[Work to complete] Would you give again, exactly as written, the lines from the opening of the records to the line with "Figure 8 Resistance", that line included and pictures excluded?

• • • •

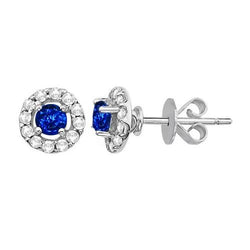 4.40 Carats Sri Lanka Sapphire Diamonds Studs Earring White Gold 14K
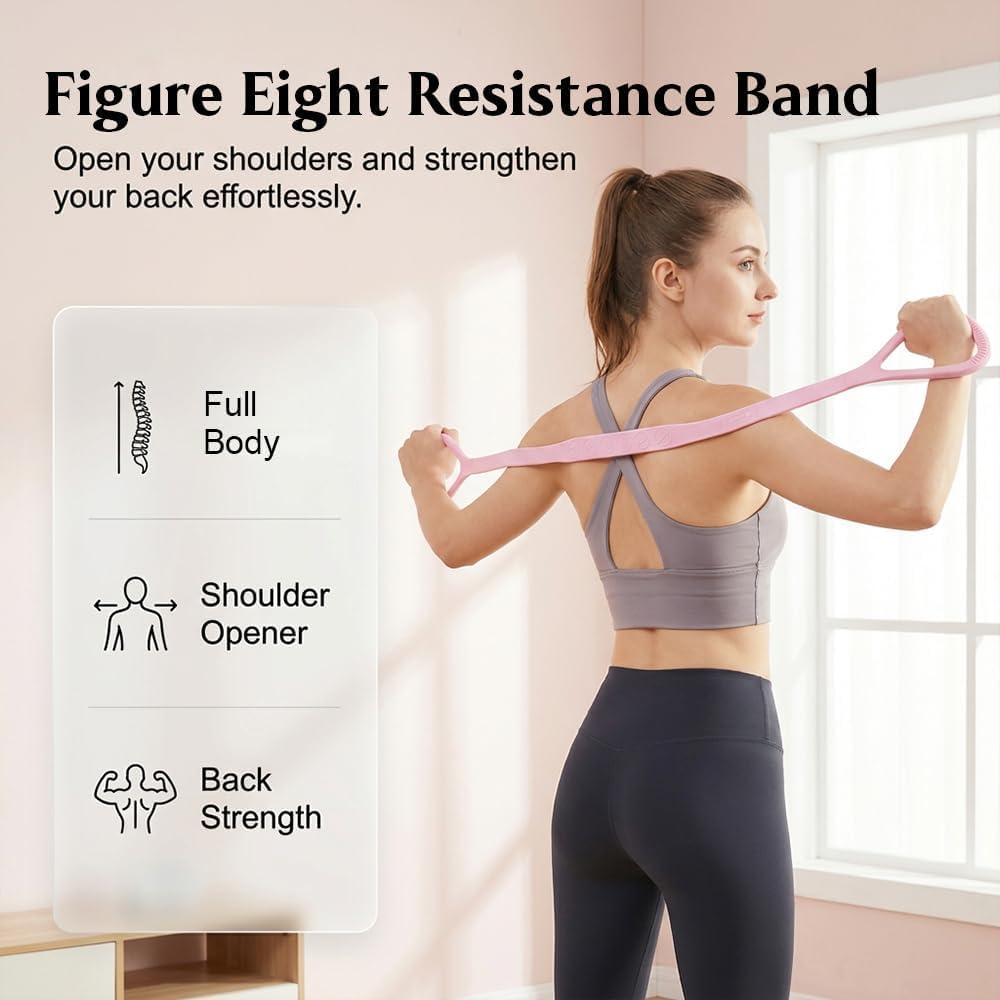 Figure 8 Resistance Bands with Handles, 2026 New Figure 8 Exercise Band for Arms, Shoulders, Chest & Back, Silicone Stretch Resistance Band for Home Workout, Yoga, Pilates & Strength Training (Purple)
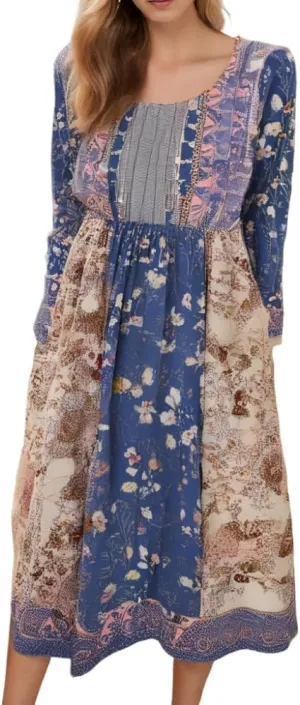 Akivide Women Boho Floral Printed Long Sleeve Crew Neck Midi Dress Casual Loose Spring Dresses for Women 2025 with 2 Pockets
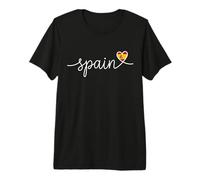 Spain Cursive Typography Heart Flag Premium T-Shirt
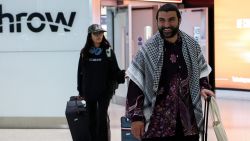 British pro-Palestinian commentator Sami Hamdi arrives at London Heathrow Terminal 2, after being detained by U.S. immigration authorities for more than two weeks, in Greater London, Britain, November 13, 2025.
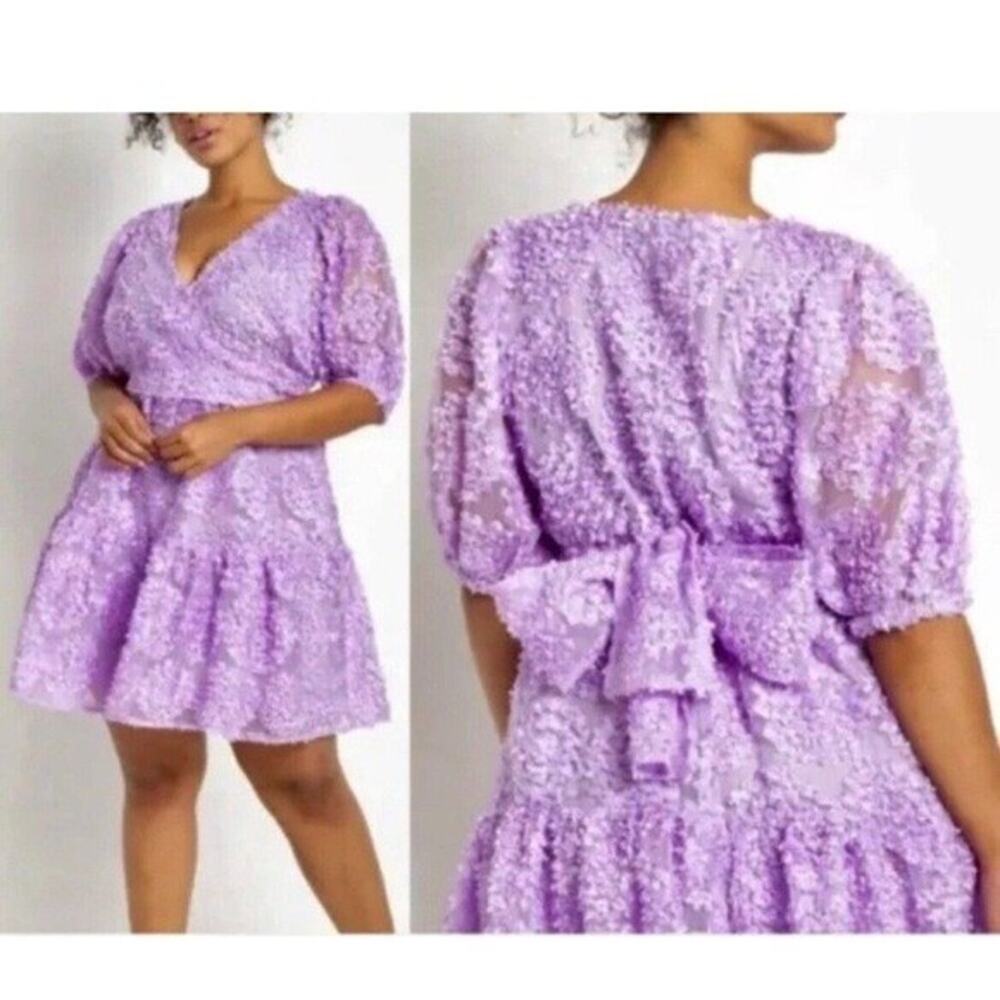 Eloquii Sheer Floral Tie Back Mini Dress Lavender Lilac Sz 22 Puffed Sleeves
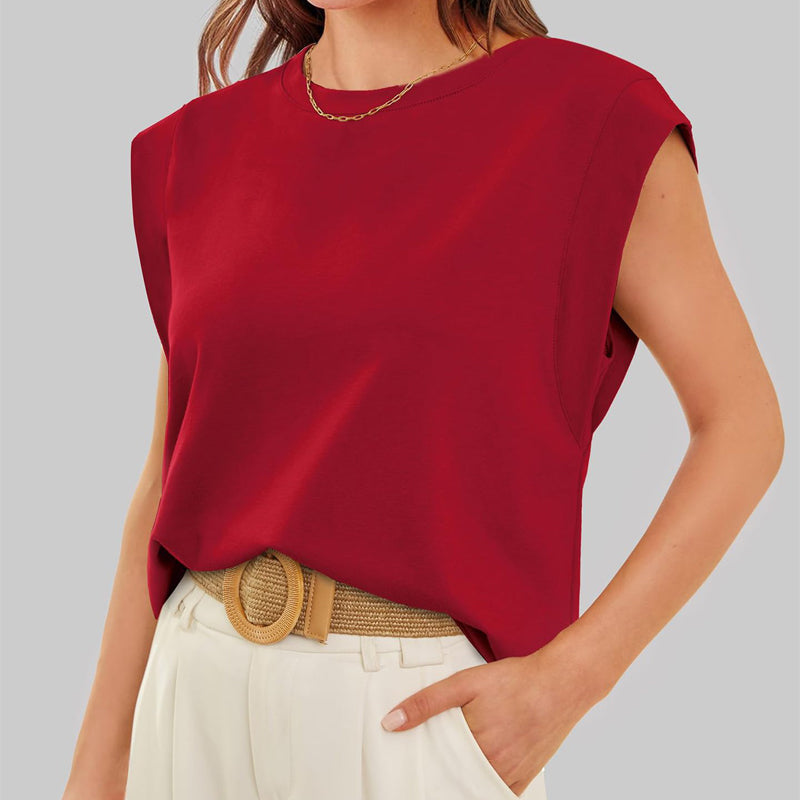 ⚡FINAL SALE⚡- Solid Color Blouse with a Crew Neck and Cap Sleeves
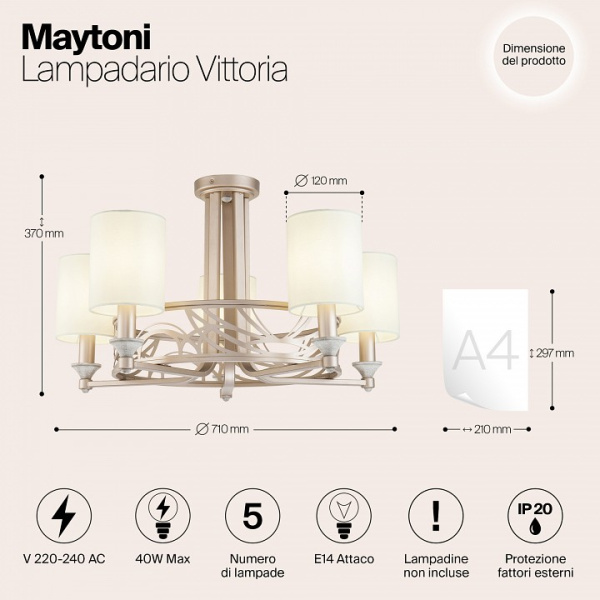 Фото Подвесная люстра Maytoni Vittoria H004CL-05BG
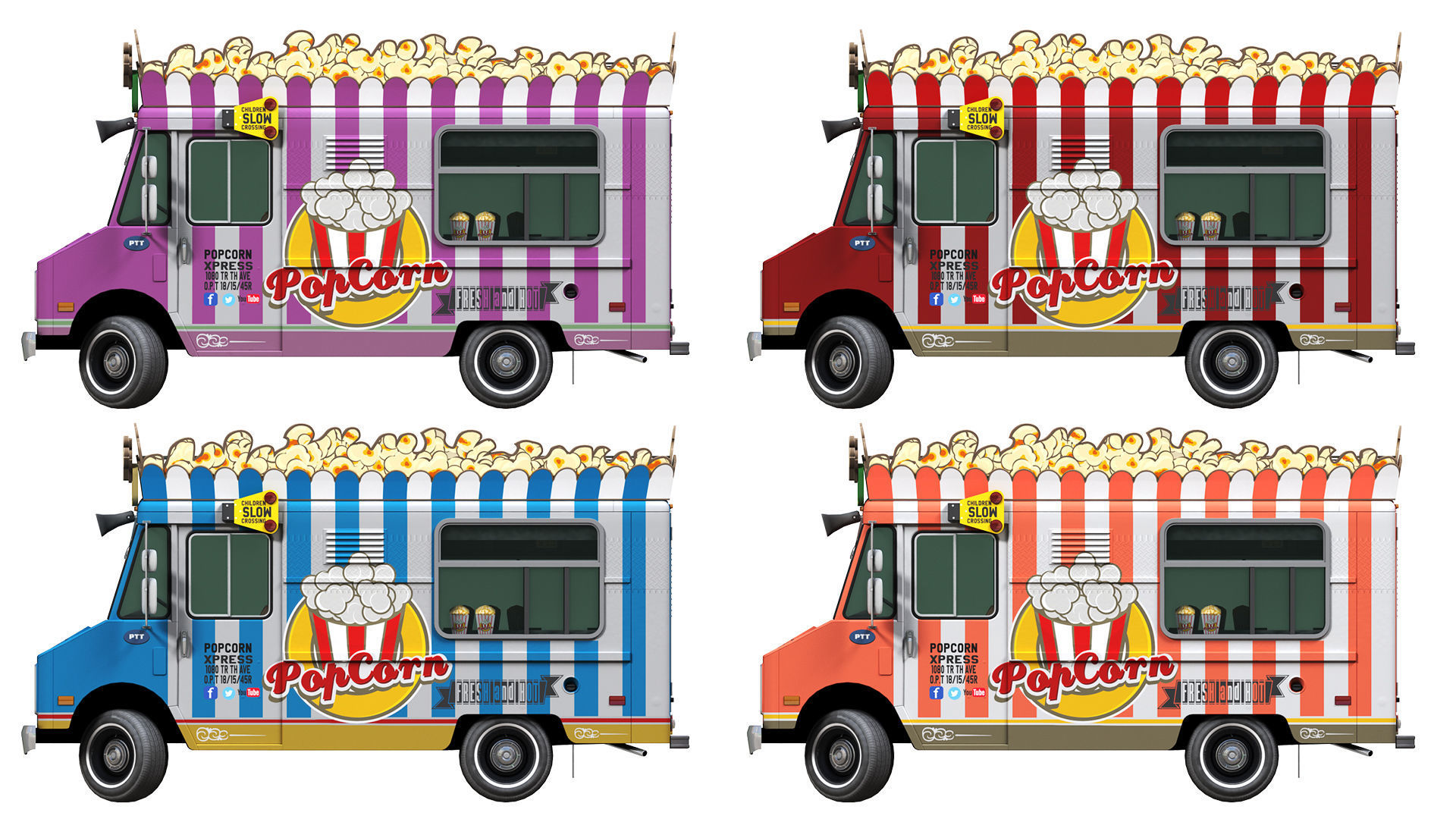 PopCorn Food Truck Low-poly 3D model_1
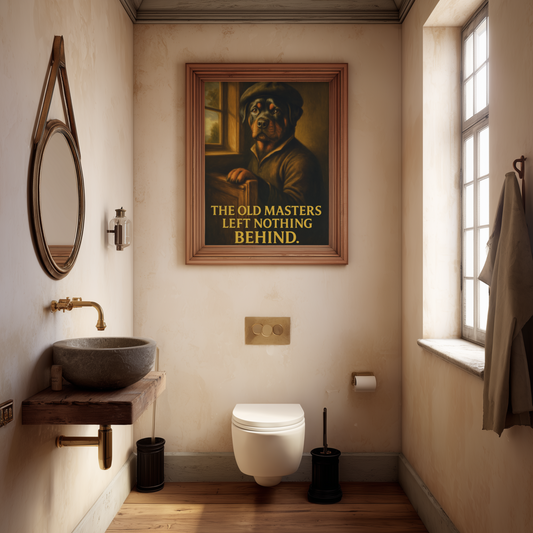 Rottweiler Toilet Poster – Dutch Old Masters Bathroom Art with Humor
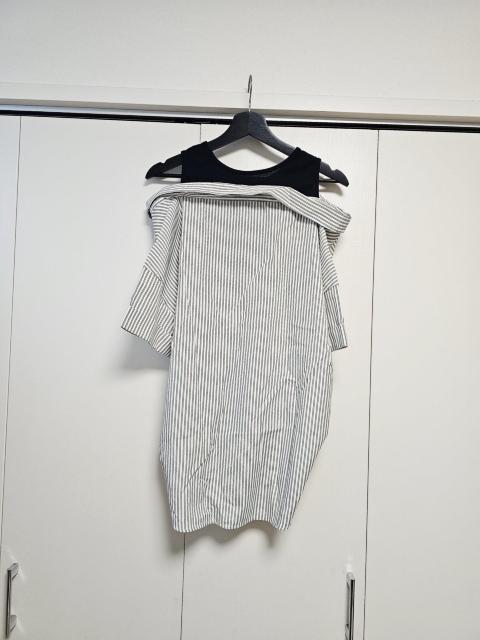 Radarista タンクトップ重ね着風 ストライプ オフショルダー シャツ M < 女性ファッション Radarista タンクトップ重ね着風 ストライプ オフショルダー シャツ M < 女性ファッションの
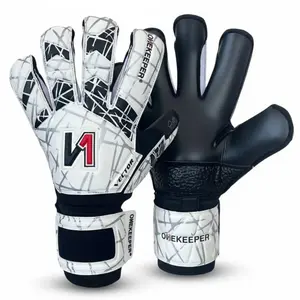 ONEKEEPER Vector Evolution White and Black Goalkeeper Gloves for Adults with Pro-Level Grip & Extra Elastic Wrist Closure for Youth and Adults Unisex
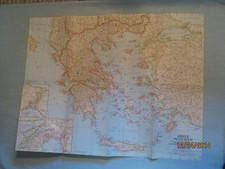 VINTAGE GREECE AND THE AEGEAN MAP National Geographic December 1958 picture
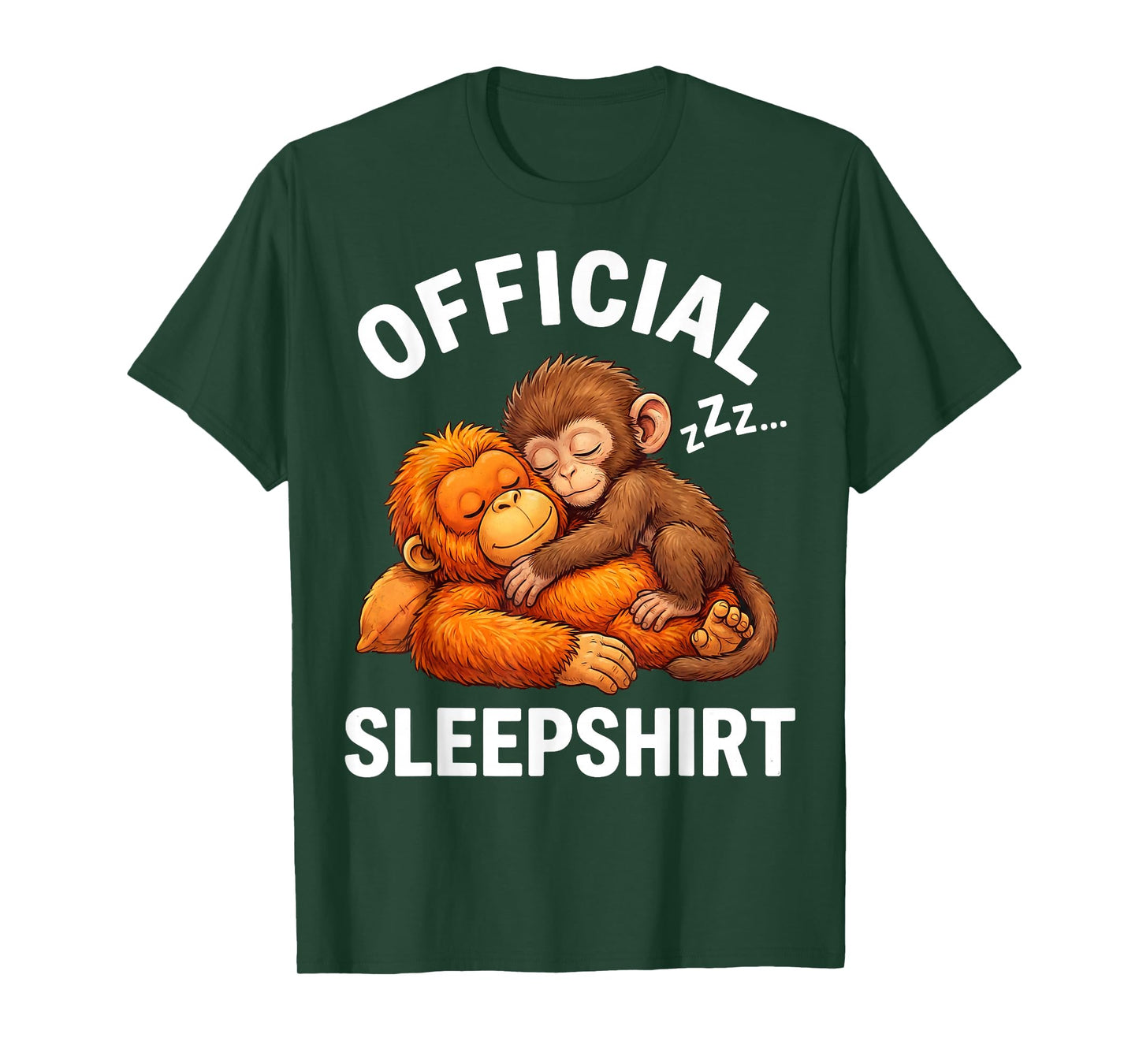 Official Sleepshirt Animal Cute Punch Monkey Plush Hugging T-Shirt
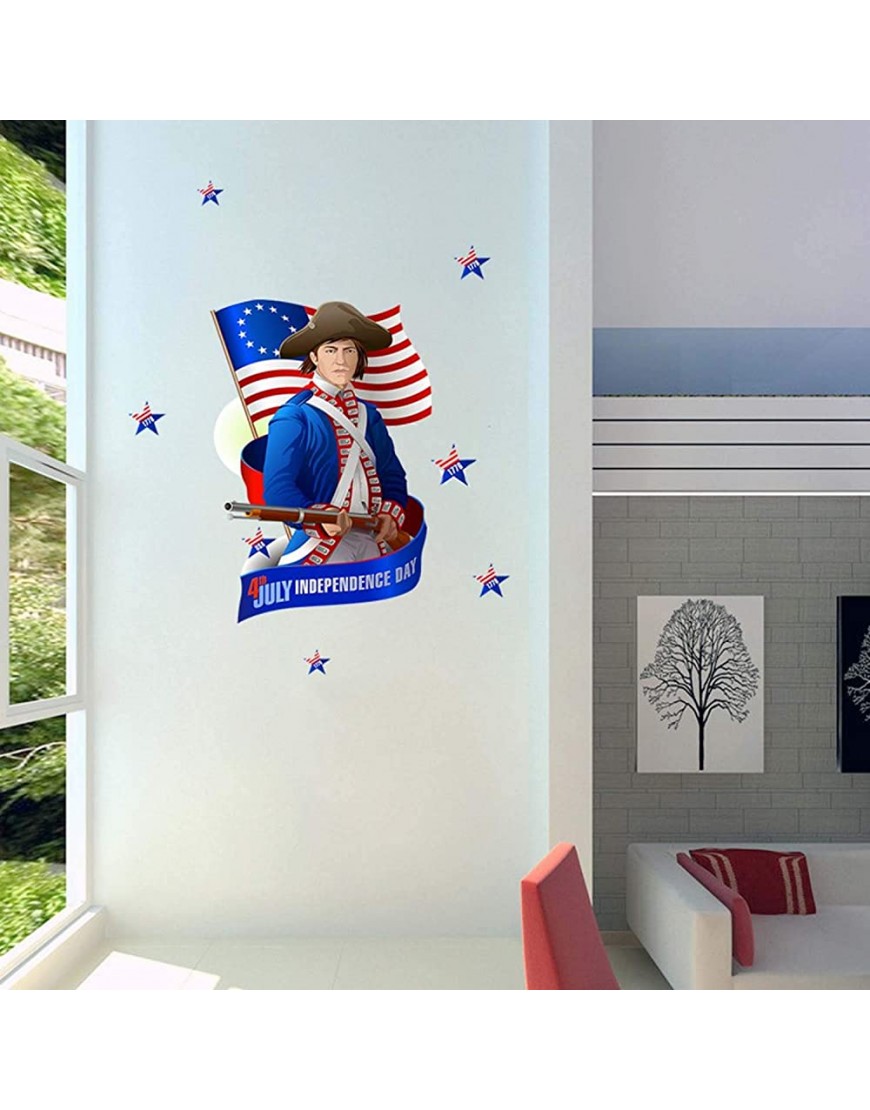 Syneyper American Independence Memorial Day Decorations A Wall Stickers for Windows Independence 45 * 60cm On Day Sheet Wall Sticker Colour One Size - BO65GWYAP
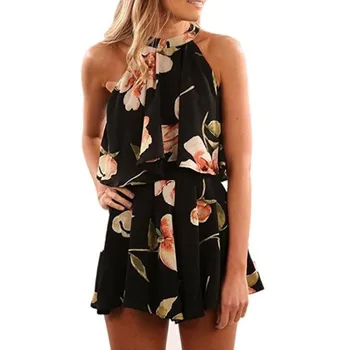 

2 Piece Set Women Halter Floral Printing Summer Beach Vest Shirt Tops Shorts Set Ensemble Femme 2 Piece Outfits For Women
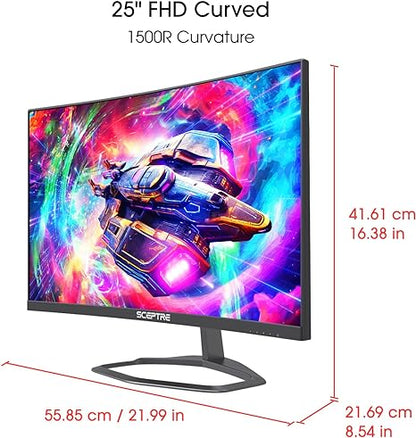 Sceptre Curved 24.5-inch Gaming Monitor up to 240Hz 1080p R1500 1ms DisplayPort x2 HDMI x2 Blue Light Shift Build-in Speakers, Machine Black 2023 (C255B-FWT240)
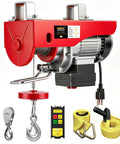 Heavy Duty Electric Winch Hoist With Wireless Remote Control For Garage Shop Use 440 Lbs Capacity showing copper motor, hooks, and remote.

• • • •

[Response]
 4.40 Carats Sri Lanka Sapphire Diamonds Studs Earring White Gold 14K
 Figure 8 Resistance Bands with Handles, 2026 New Figure 8 Exercise Band for Arms, Shoulders, Chest & Back, Silicone Stretch Resistance Band for Home Workout, Yoga, Pilates & Strength Training (Purple)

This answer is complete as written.